*** SUPPLIED DATA ***

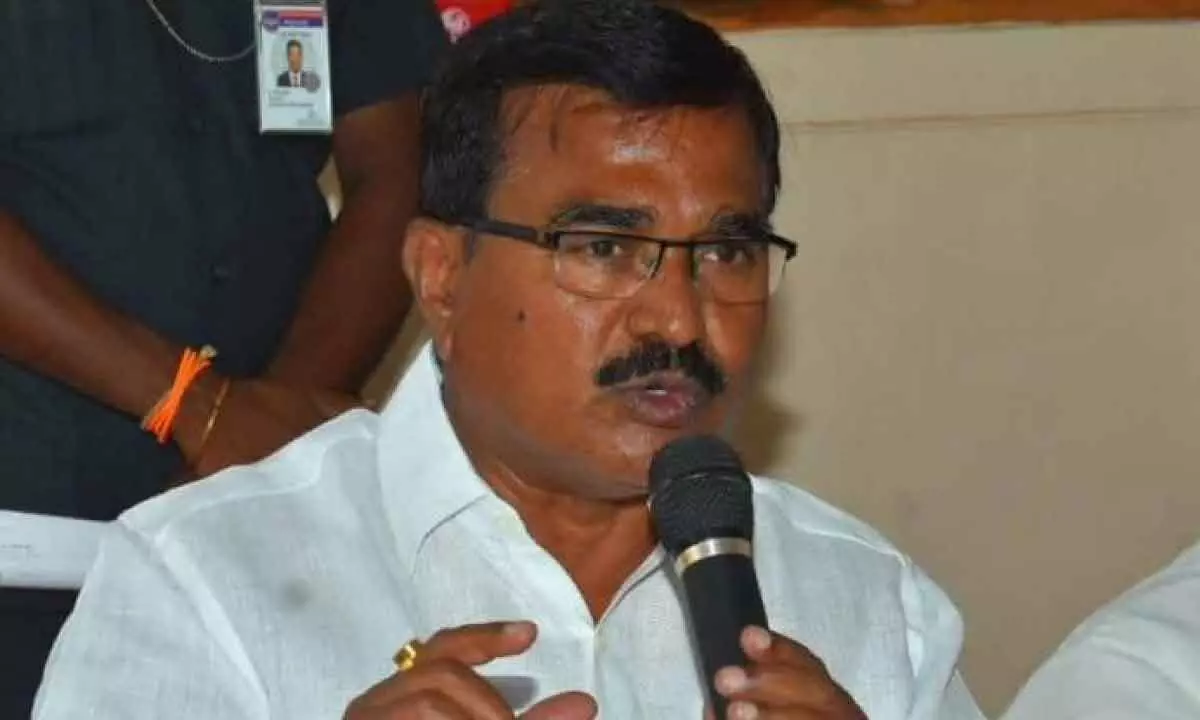 Minister Niranjan counters BJP charges on development in Palamuru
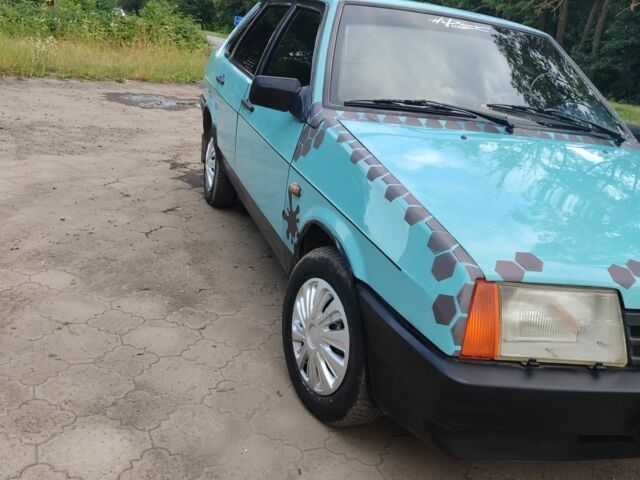 Синий ВАЗ 21099, объемом двигателя 1.5 л и пробегом 288 тыс. км за 1000 $, фото 14 на Automoto.ua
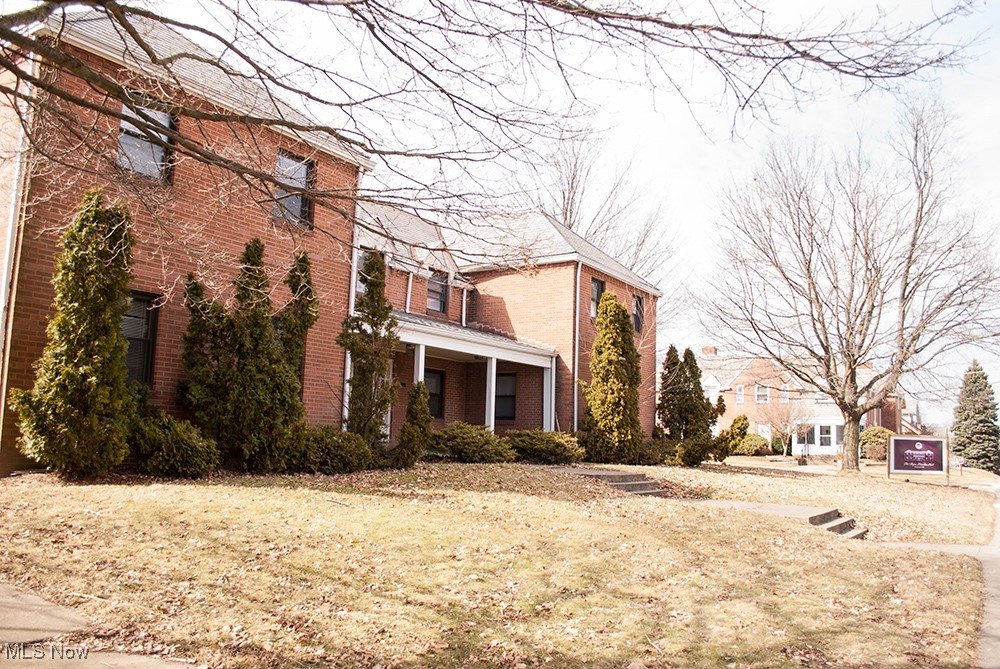 Highview - Commercial Sale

*** End of SUPPLIED DATA ***

• [PROBLEM]: Copy the data verbatim, skipping any image it holds.

• [SOLVED EXERCISE]:
 Minister Niranjan counters BJP charges on development in Palamuru
 Синий ВАЗ 21099, объемом двигателя 1.5 л и пробегом 288 тыс. км за 1000 $, фото 14 на Automoto.ua
 Highview - Commercial Sale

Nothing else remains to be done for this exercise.